Smallwood Takes Helm at Spectrum11 Jan, 2002 By: Joan Villa
Video veteran Jerry Smallwood has been around the block in nearly two decades at Coliseum Video and A-Pix Entertainment. But his newest venture as c.e.o. of New Jersey-based Spectrum Entertainment Products is a labor of love that he hopes will marry his flare for marketing with a distinctive line-up of movies.
"You're going to see a very unique way of marketing titles," Smallwood says. "That's one thing I've learned from A-Pix is innovative packaging and the importance of that to the consumer and to renting independent titles. We've taken that to the next level with an innovative presentation to the retail community."

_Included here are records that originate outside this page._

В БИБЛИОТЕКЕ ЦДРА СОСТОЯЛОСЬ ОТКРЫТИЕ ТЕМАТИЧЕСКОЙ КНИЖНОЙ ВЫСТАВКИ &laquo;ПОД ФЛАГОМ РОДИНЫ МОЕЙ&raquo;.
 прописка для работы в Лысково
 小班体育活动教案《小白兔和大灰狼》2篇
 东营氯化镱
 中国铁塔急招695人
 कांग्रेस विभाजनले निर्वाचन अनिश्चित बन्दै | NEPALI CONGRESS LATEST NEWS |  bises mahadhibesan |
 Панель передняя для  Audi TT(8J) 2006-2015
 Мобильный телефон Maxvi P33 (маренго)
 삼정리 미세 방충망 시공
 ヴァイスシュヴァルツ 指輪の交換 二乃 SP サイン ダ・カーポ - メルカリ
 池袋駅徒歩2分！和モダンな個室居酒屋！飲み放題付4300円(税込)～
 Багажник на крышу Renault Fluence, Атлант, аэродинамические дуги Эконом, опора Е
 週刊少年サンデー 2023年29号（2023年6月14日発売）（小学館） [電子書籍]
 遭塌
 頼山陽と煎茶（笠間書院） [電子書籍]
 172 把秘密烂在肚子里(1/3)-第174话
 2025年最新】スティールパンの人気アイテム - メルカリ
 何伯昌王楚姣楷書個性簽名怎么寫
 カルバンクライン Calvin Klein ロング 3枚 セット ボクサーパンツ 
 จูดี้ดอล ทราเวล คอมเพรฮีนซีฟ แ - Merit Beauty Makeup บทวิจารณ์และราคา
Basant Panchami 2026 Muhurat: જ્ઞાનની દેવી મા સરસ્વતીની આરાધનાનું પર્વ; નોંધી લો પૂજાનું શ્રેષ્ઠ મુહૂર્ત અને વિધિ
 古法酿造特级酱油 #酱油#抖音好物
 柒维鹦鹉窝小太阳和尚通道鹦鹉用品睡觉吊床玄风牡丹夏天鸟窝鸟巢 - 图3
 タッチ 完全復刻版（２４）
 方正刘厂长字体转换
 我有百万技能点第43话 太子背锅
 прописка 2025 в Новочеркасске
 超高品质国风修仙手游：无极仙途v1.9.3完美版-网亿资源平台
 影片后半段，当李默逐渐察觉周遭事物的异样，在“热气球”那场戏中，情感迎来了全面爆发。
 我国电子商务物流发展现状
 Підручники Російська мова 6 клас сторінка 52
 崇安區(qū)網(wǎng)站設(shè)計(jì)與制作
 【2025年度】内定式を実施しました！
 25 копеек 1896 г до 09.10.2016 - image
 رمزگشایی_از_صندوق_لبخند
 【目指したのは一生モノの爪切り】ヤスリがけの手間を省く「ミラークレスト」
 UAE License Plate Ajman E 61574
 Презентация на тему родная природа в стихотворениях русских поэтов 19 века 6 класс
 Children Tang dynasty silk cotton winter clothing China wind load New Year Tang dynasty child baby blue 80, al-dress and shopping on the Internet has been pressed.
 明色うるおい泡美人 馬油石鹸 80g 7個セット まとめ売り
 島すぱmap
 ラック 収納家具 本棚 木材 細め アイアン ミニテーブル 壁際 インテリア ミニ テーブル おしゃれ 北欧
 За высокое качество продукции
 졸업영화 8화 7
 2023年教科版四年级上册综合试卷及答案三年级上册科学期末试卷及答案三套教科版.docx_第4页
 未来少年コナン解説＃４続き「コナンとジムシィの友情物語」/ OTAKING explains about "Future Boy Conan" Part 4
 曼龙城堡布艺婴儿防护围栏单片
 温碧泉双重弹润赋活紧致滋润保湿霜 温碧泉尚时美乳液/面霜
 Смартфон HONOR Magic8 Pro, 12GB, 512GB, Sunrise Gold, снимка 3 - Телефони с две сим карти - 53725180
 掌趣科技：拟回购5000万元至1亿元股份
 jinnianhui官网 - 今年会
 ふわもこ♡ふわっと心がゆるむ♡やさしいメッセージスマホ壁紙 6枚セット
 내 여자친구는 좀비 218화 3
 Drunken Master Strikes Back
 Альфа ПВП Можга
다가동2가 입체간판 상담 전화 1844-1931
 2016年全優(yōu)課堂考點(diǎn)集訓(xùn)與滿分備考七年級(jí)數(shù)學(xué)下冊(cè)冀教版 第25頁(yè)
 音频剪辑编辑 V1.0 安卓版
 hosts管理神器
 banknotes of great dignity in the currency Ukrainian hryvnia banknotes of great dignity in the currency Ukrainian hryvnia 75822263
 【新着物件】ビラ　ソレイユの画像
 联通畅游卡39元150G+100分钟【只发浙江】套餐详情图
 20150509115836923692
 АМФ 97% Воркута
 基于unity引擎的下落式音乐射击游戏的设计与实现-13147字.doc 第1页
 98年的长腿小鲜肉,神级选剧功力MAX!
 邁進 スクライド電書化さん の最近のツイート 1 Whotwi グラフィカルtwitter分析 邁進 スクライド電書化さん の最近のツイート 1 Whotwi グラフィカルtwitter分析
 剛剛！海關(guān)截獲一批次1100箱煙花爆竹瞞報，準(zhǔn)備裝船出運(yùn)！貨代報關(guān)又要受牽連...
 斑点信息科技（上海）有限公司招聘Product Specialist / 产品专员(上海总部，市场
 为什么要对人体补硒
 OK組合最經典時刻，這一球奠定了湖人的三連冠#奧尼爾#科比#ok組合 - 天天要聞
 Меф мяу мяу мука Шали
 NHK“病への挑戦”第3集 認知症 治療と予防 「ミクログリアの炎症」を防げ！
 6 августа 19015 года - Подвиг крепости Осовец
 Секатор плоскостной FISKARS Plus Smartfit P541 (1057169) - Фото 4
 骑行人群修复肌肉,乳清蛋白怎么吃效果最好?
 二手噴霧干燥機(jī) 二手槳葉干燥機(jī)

Smallwood signed on to revitalize Spectrum domestically and internationally, while spearheading acquisitions of innovative fare and launching a new production arm that will bring a handful of films to video sometime next year. In addition, Spectrum begins this month offering its 100-title library for the first time on DVD at a budget-priced $14.98 suggested retail price, including Meet the Feebles, from Lord of the Rings director Peter Jackson, and Dingo, featuring jazz trumpeter Miles Davis in a rare acting role.
Also this year, he and Spectrum president Yvette Hoffman plan four new releases a month for the company's three labels: Spectrum, geared to "edgy" independent films; Dead Alive Productions, for "campy" cult horror; and the new Vision Factory line of more "mainstream, theatrical-type films," he says.
All will carry flat pricing of $54.99 suggested retail for VHS and $24.99 for DVD, with minimum purchase requirements or copy depth programs bringing retailers' VHS price to under $40 from distribution, he says.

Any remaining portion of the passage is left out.